27 de Marzo del 2026
5ª Semana de Cuaresma
San Juan de Egipto (394)
Jer 20,10-13: El Señor está conmigo, como fuerte soldado
Sal 18: «En el peligro invoqué al Señor y me escuchó»
Jn 10,31-42: Intentaron detenerlo, pero se escapó
En aquel tiempo los judíos tomaron piedras para apedrear a Jesús.
32 Él les dijo: Por encargo del Padre les hice ver muchas obras buenas: ¿por cuál de ellas me apedrean?
33 Le contestaron los judíos: Por ninguna obra buena te apedreamos sino por la blasfemia, porque siendo hombre te haces Dios.
34 Jesús les contestó: ¿No está escrito en la ley de ustedes: Yo les digo: son dioses?
35 Si la ley llama dioses a aquellos a quienes se dirigió la Palabra de Dios, y la Escritura no puede fallar,
36 ¿cómo dicen: Tú blasfemas al que el Padre consagró y envió al mundo, porque dijo que es Hijo de Dios?
37 Si no hago las obras de mi Padre, no me crean.
38 Pero si las hago, crean en las obras aunque no me crean a mí; así reconocerán y sabrán que el Padre está en mí y yo en el Padre.
39 Entonces intentaron arrestarlo de nuevo, pero él se les escapó de las manos.
40 Pasó de nuevo a la otra orilla del Jordán, donde Juan bautizaba en otro tiempo, y se quedó allí.
41 Acudieron muchos a él y decían: Aunque Juan no hizo señal alguna, todo lo que dijo de éste era verdad.
42 Y allí, muchos creyeron en él.
Comentario
Jesús argumenta con la Escritura que es Hijo de Dios.
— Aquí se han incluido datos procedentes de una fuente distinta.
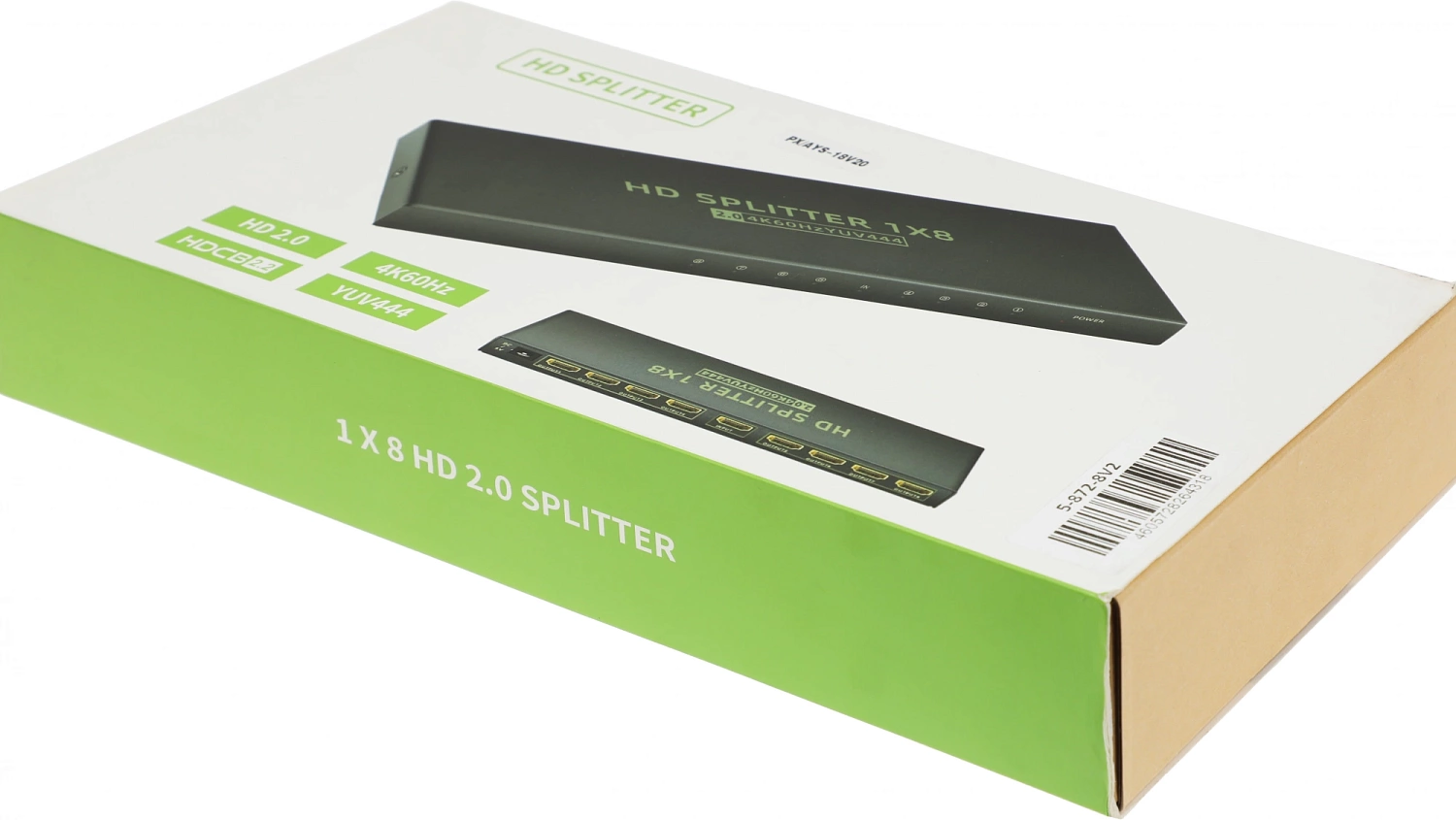 Сплиттер аудио-видео Premier 5-872-8V2 HDMI (f)/8xHDMI (f) черный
Es el poder de la palabra de Dios lo que convierte en hijos de Dios a quienes la reciben. Sin embargo, sus adversarios lo acusan de blasfemia, pues consideran imposible que un hombre se haga Dios. Jesús responde a estas acusaciones señalando las “buenas” obras que ha realizado. Solo alguien en comunión con Dios podría hacer tales señales. Pero la autoridad religiosa de su tiempo no acepta novedades ni cambios, ya que está más preocupada por preservar su propia existencia que por la vida futura. Como cristianos, creemos que en el bautismo somos hechos hijos de Dios, pero esto ocurre por medio de una palabra que se pronuncia y se recibe, y por las obras que derivan de ello. Es la “Palabra” de Dios la que guía la vida y acción del creyente. Si alguien observase nuestras actitudes, ¿podría decir que vivimos como hijos e hijas de Dios? ¿Por qué?
Pensamiento del día.
“Jesús nos desafía a cuestionarnos si estamos realmente dispuestos a reconocer y aceptar la verdad de Cristo, incluso cuando contrasta con nuestras creencias preconcebidas” (María Fernanda Anaya, Colegio Claretiano Lima, Perú).